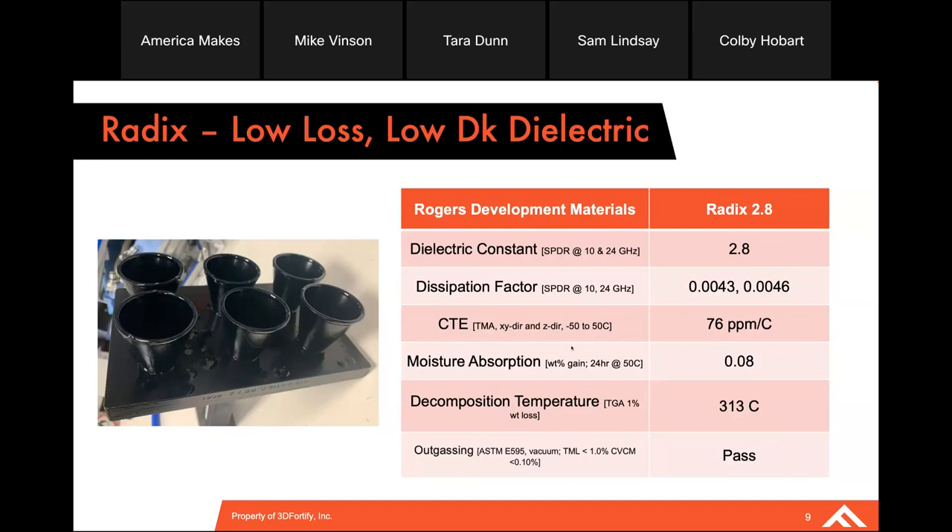The CTE of the material is 76 parts per million per degree C — three to four times that of copper — so plated through holes still need further study, but the prediction is that with a little heavier plating they should do okay over a reasonable operating temperature range. The decomposition temperature where it sees 1% weight loss happens at 313°C; the operating temperature we've been using is 250°C, and it's passing the standard ASTM outgassing test.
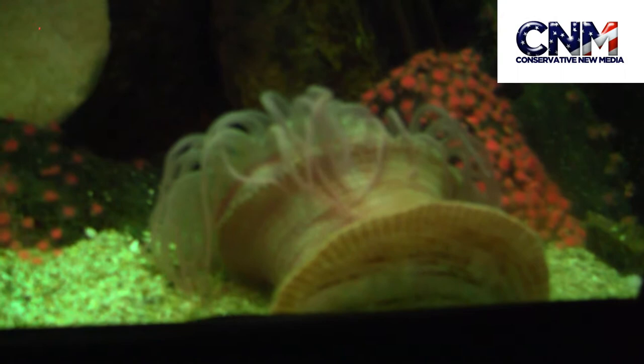Very interesting. You can see some movement there on the right hand side. See if we can get a zoom on that. It's hard to get the best focus on it.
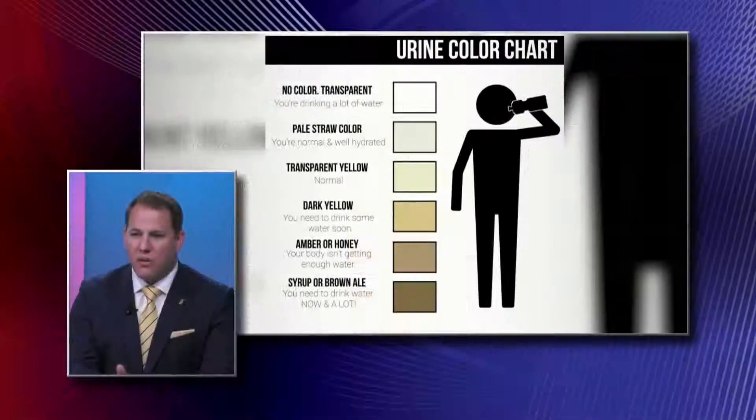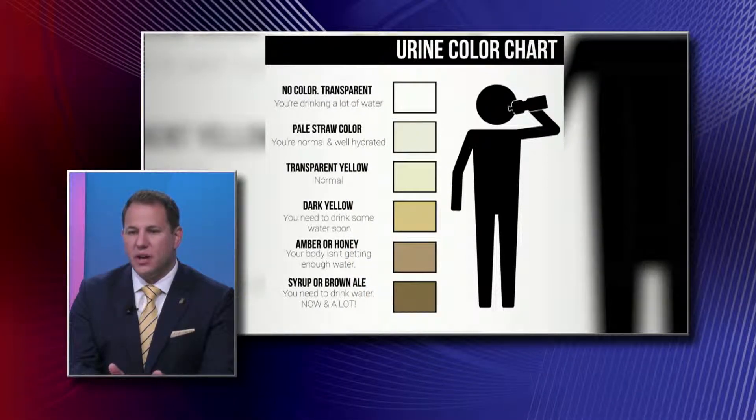The amber, honey, or dark yellow is not advisable. This is when maybe you feel thirsty, maybe you're ignoring your thirst — it doesn't matter. Your body is telling you that you are dehydrated and you really should take in a couple of glasses of water, maybe more. Once you're in the transparent yellow, you're good to go. This is a good indicator.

■ ■ ■

Task directions
Exactly the lines from the line with "Very interesting. You" through the last line of the listing, both included, should be extracted, and the pictures left behind.

Task result
Very interesting. You can see some movement there on the right hand side. See if we can get a zoom on that. It's hard to get the best focus on it.
The amber, honey, or dark yellow is not advisable. This is when maybe you feel thirsty, maybe you're ignoring your thirst — it doesn't matter. Your body is telling you that you are dehydrated and you really should take in a couple of glasses of water, maybe more. Once you're in the transparent yellow, you're good to go. This is a good indicator.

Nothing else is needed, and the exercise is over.